Harris Tartan How We Got Here

Excerpt credit to Edith M Ham

11/02/03

 

Home

 

 

No True Highlander is ever ashamed of being Highland.  You have already read the short history of the Clan.  We are the descendents of a proud clan.  It is well known history that the old ties of clan kinship were cruelly snapped by the rigidly repressive Acts of 1746 and 1748, a determined attempt to destroy the feudal power of the Highland chiefs by abolishing heritable jurisdiction.  The clan system, in the old familiar sense, was shattered by these dramatic measures.  The clansmen were forbidden to wear the tartan or carry arms.  The oppressed Highlanders silently endured their wrongs.  They brooded upon the loss of their ancient heritage but were powerless to reclaim their privileges.

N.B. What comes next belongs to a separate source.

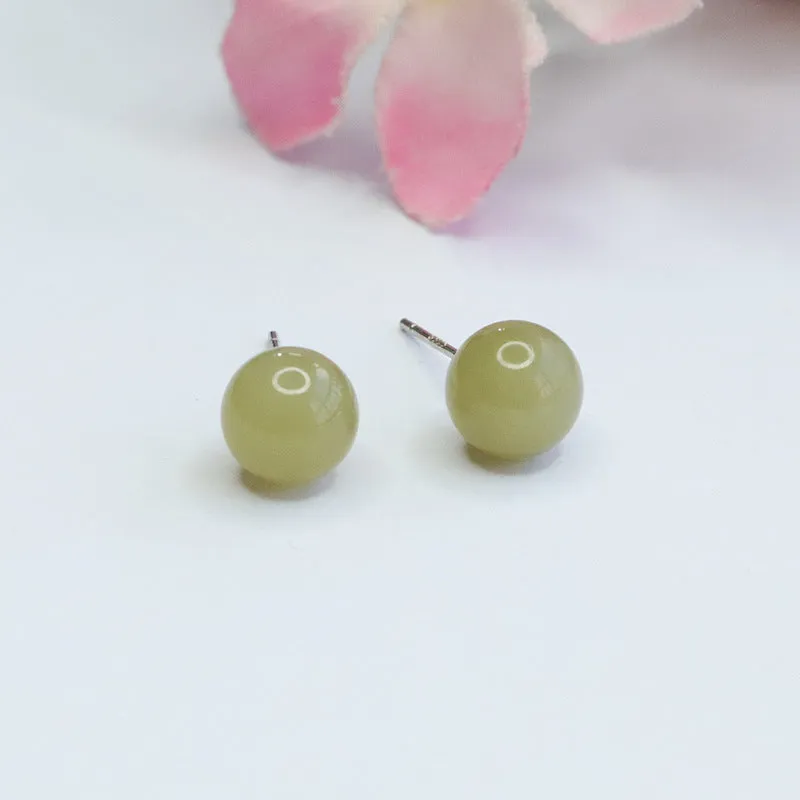 Sterling Silver Stud Earrings with Natural Hotan Jade Insets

Their pride humbled, their hopes blasted, strangers almost, in the land of their birth, the men of the glens and bens at last tore themselves from their ancestral soil and sailed with their wives and families, across the broad Atlantic.  Between 1763 and 1775, not less than 20,000 Highlanders found refuge in America.

Canada received many of them in the new flood of immigration in the first part of the 19th century and a new Celtic race sprang up to nourish their children on the traditions which the pilgrims brought with them overseas.  Though exiled, "the children of the mist" still had a consuming love for the homeland they had left behind them.  Now that the pioneers have gone to their rest, their sons and daughters still cast a longing look toward the old clan country from which they drew their origin.

Although the sons of Angus MacCuaig did not come to this country until well into the middle of the 19th century, they still were pioneers and went. like thousands of others, into the wilderness to make homes and today, all over this Canadian land, are found the monuments of their toil and successes.  The magnificent homesteads in the shape of farms and princely dwellings which adorn the landscape in all directions are the outcome of the toils of past generations.

The MacCuaigs are certainly a sept of the MacLeods of Harris (Siel Tormod).  Tradition has it that one of the Macleod chieftains landed at that part of Islay on which the village of Port Ellen is now built.  His name was "Dubhag MacLeod" (pure Gaelic).  He settled in that part of Islay and was the progenitor of the MacCuaig branch of the MacLeods, that is to say, the MacDubhaigs or offspring of Dubhag.  This name... MacDubhaigs ...through many generations and prevailing changes of colloquial speech, has come to be pronounced and later written.. MacCuaig.  The MacCuaigs were generally found in that part of Islay which is now called the parish of "Oa". some of them eventually emigrated to the neighbouring peninsula of Cantrye, where a few families are still to be found.  because records of of descendents of these families is not recorded, it is difficult to trace the genealogy from the chieftain who founded our sept to Angus MacCuaig so for the present we shall be obliged to content ourselves with the records of the family since the time of their arrival in Canada.  These four sons of Angus MacCuaig assumed the name of MacLeod in this country because, in purchasing land from the government, it was necessary to register it under their proper surname.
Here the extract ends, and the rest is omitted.